[Data records]

================================

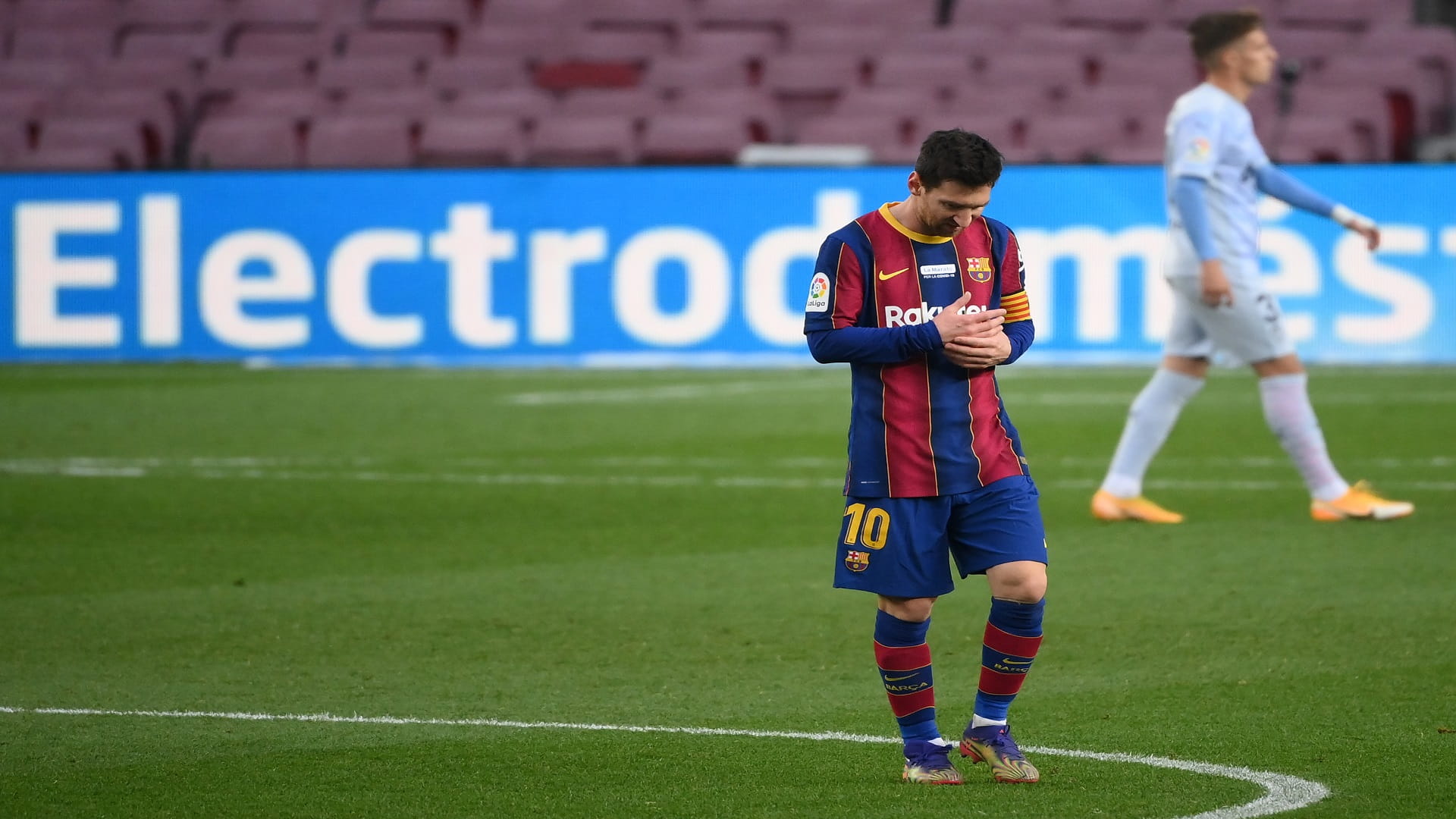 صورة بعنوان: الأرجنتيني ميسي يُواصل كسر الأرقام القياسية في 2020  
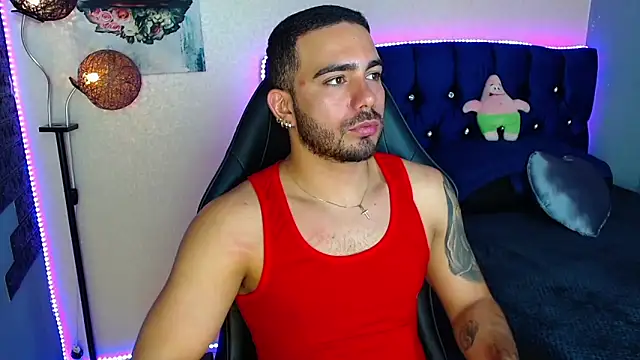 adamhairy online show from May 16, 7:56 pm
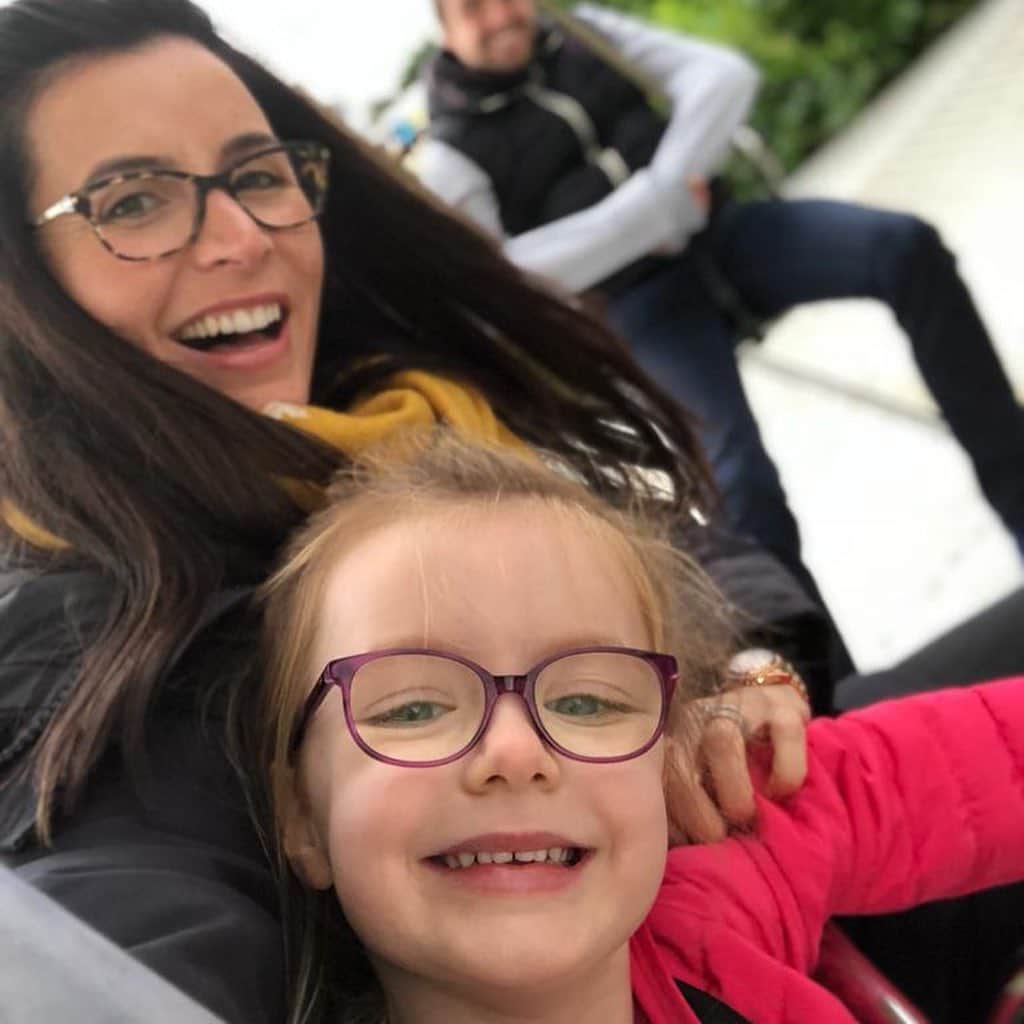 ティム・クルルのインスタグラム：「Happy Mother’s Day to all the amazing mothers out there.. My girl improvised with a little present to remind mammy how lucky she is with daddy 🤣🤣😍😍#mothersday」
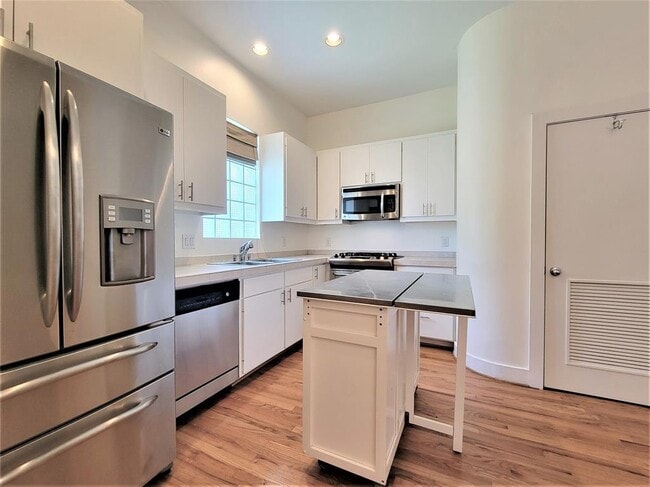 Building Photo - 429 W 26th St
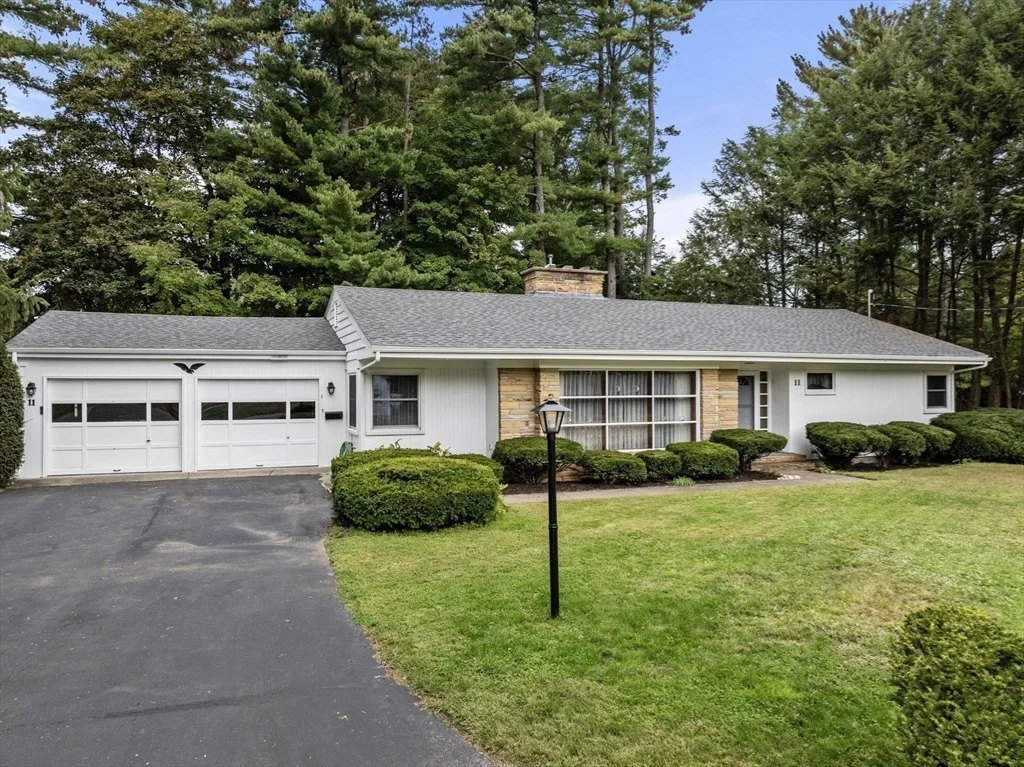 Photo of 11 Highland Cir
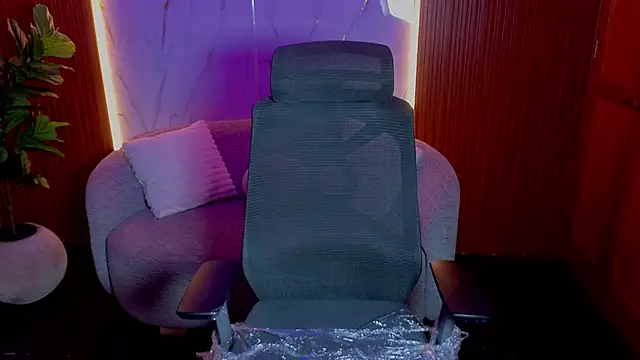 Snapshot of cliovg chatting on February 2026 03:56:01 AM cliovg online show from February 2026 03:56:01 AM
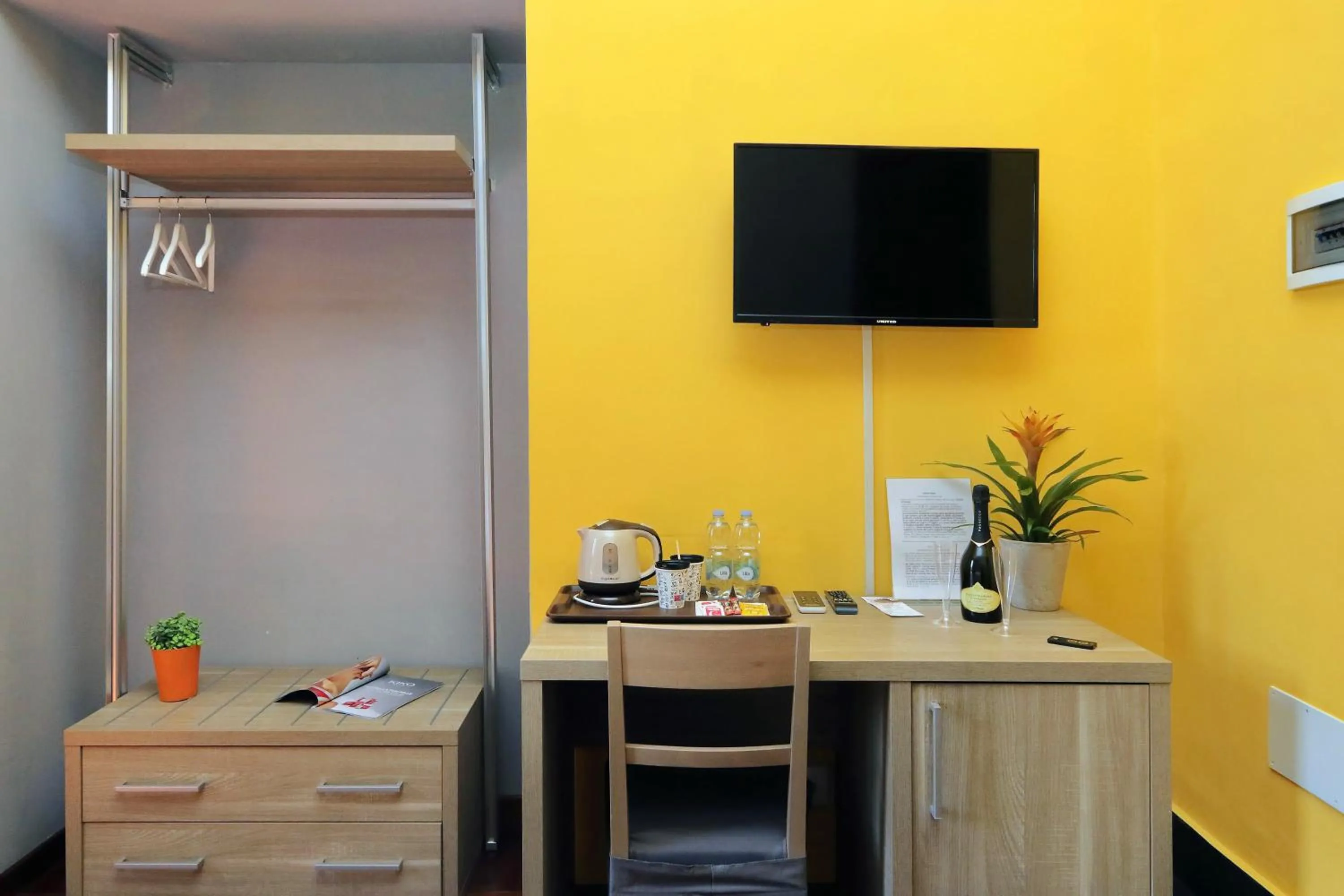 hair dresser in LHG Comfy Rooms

================================

**Task item**
From the line containing "Building Photo - 429 W 26th St" to the last line of the records above, return each line exactly, both ends included, and nothing more. Leave out the pictures.

**Your response**
 Building Photo - 429 W 26th St
 Photo of 11 Highland Cir
 Snapshot of cliovg chatting on February 2026 03:56:01 AM cliovg online show from February 2026 03:56:01 AM
 hair dresser in LHG Comfy Rooms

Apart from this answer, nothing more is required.